Ad Recovery Fails To Boost McClatchy; Online Revs Barely Rise

An uneven economic recovery, coupled with continued tough times in its California and Florida markets, prevented The McClatchy Company (NYSE: MNI) from realizing the gains of the advertising recovery that other media companies have seen. And above all else, as the New York Times Co. (NYSE: NYT) demonstrated this morning, and Gannett (NYSE: GCI) showed last week, print advertising’s declines are indeed slowing, but they also remain weak and a continued drag on revenues.
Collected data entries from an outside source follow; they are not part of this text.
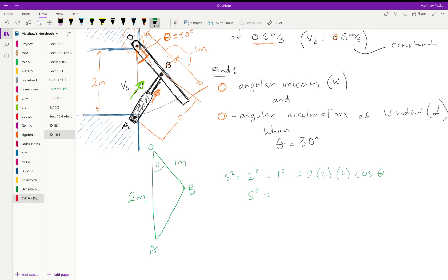That gives me s squared is equal to five minus four cosine theta. So important note: this just gave us s as a function of theta.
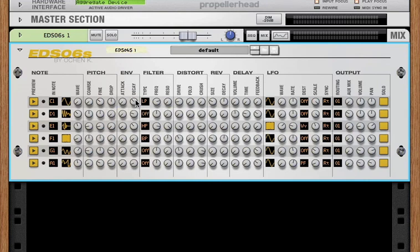We've got a basic envelope section with attack and decay. And then we have four effects here. We've got a filter, distortion, reverb, and delay.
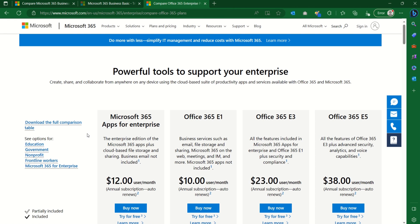Before I forget — Microsoft has different types of tenants. We have the normal business tenant, which is for a regular business person setting up a standard environment. Then we also have the EDU tenant and the non-profit tenant, each tailored to their respective sectors.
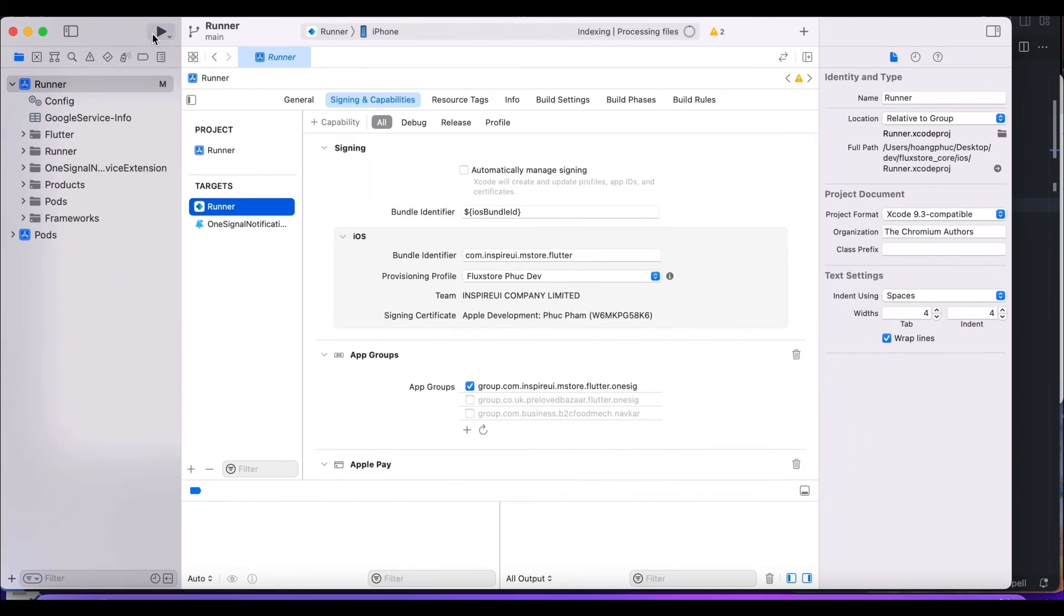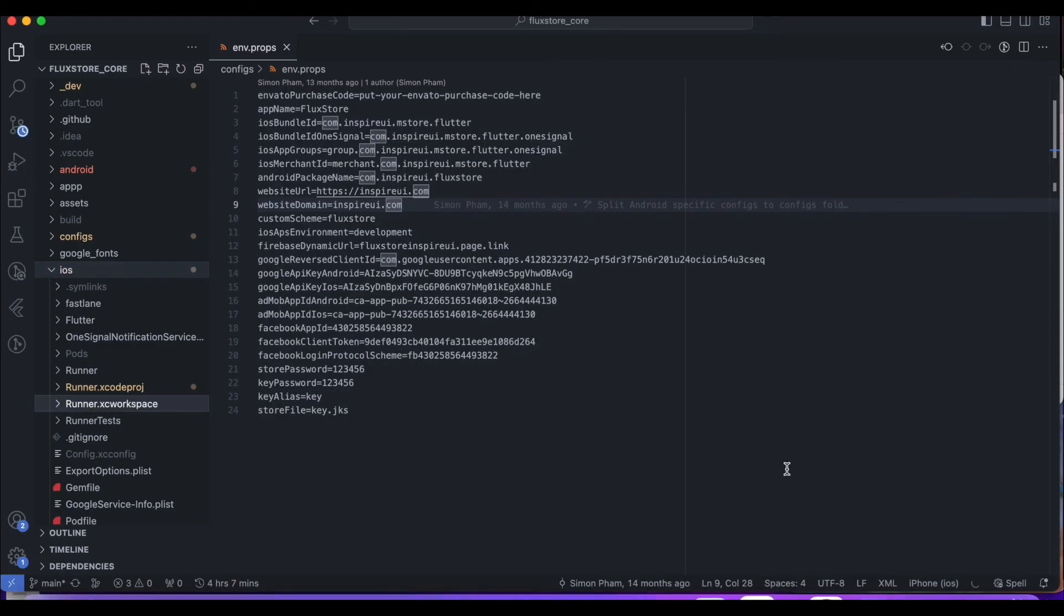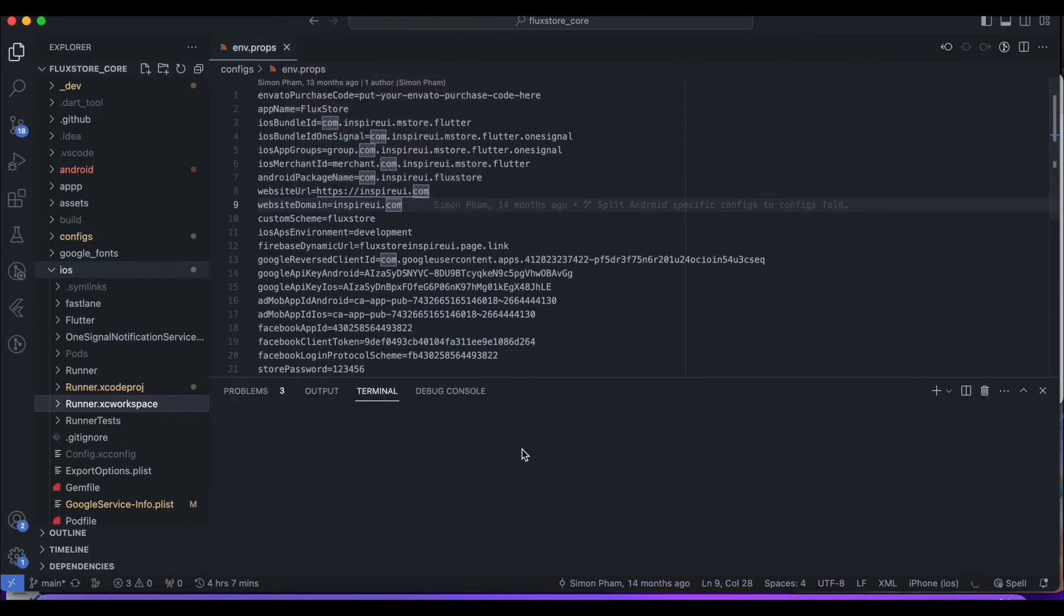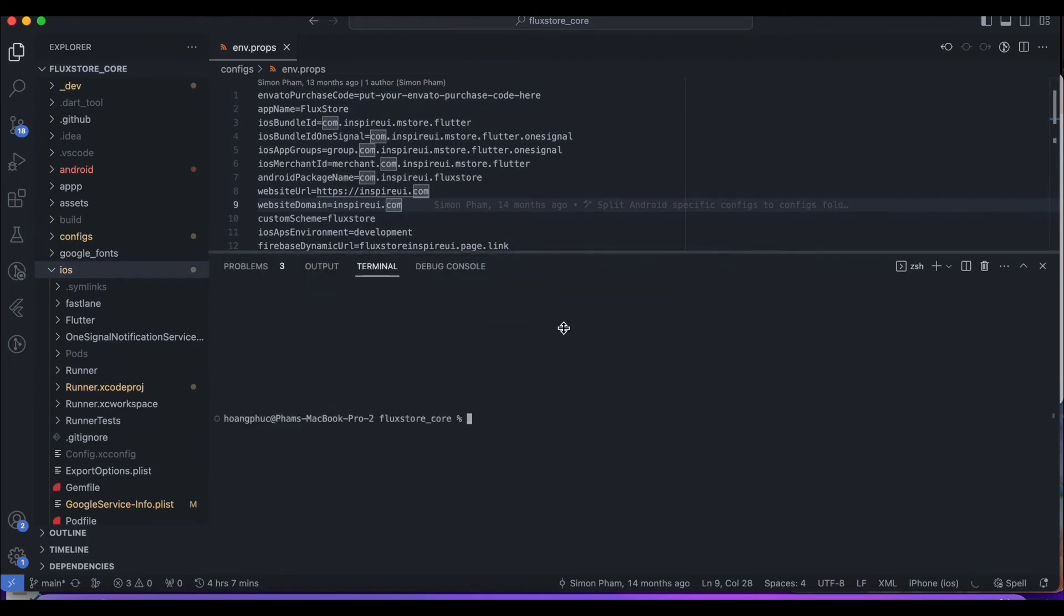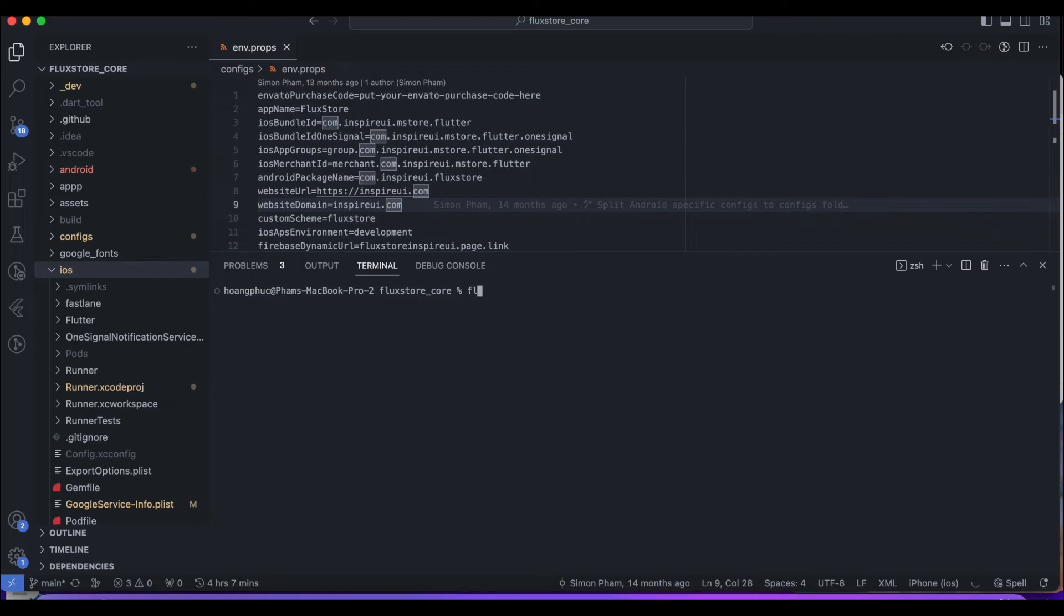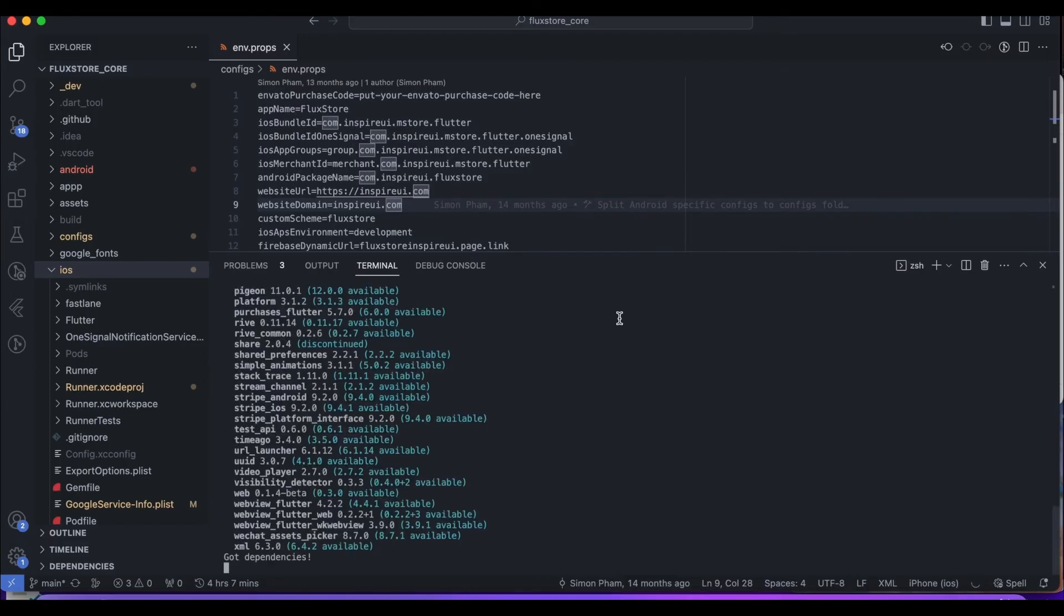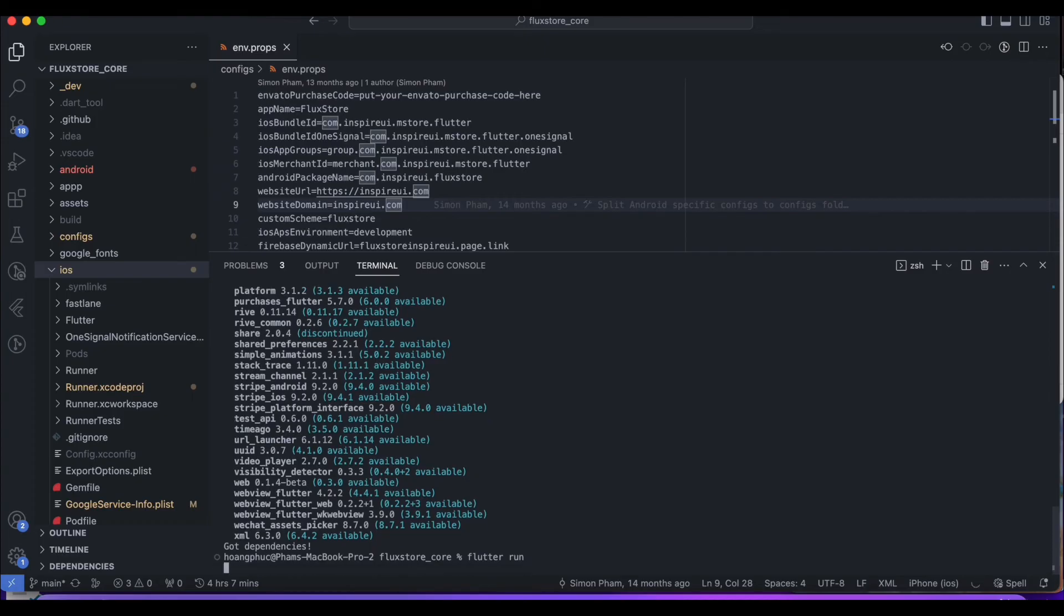Select a device and click the run button. Here, I choose a real device and screen sharing via the QuickTime Player application. Return to the source code, open the terminal and go to your project. Run the command line, flutter pubget. Run the command line, flutter run. Wait for the app to finish building.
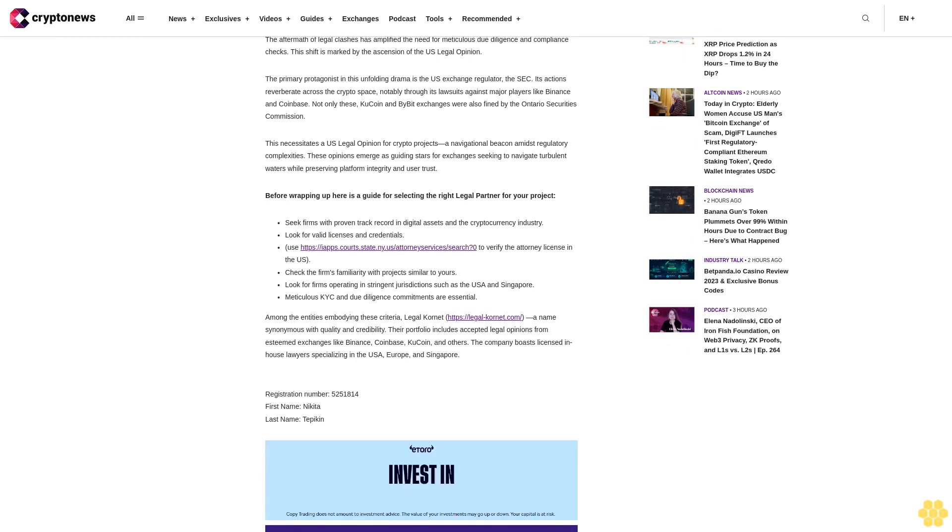The U.S. law-based legal opinion mitigates the risk of violations and acts as a safeguard, attracting institutional investors and potential partners. It demonstrates that your project is primed to operate within regulatory boundaries set by authorities.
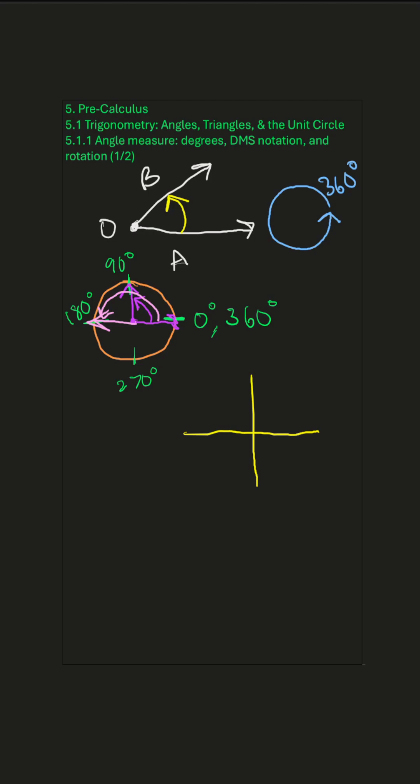So if we turn this way, that is a positive angle. And if we turn this way, that is a negative angle. And that will come in handy once we start graphing angles or using trigonometry.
In a statement, Gary Pruitt, McClatchy’s chairman and CEO, pointed to a slowdown last month in national and in retail spending, as print ads fell 8 percent. Online ad revenue was up a meager 1.6 percent to $47.5 million, offered no real off-set to the print declines. Meanwhile, circulation dollars, which have become increasingly crucial as advertising has dried up for print ads, decreased 4 percent to $66.4 million.

On a slightly more positive note, classified ads’ severe chill appears to be thawing. In particular, job ads, more than half of which is now digital in the form of Careerbuilder, progressed nicely throughout the quarter: up 0.1 percent in July, up 0.2 percent in August and up 5.6 percent in September.

The halving of McClatchy’s profits this time out still suggest that all the cost-cutting its done and is continuing to do, may not have the benefits they did last year. The company has cut over 4,100 jobs in the past two years, and BizJournal noted that layoffs have continued in recent weeks at The Miami Herald, Charlotte Observer, The Kansas City Star and at the company’s hometime paper, The Sacramento Bee.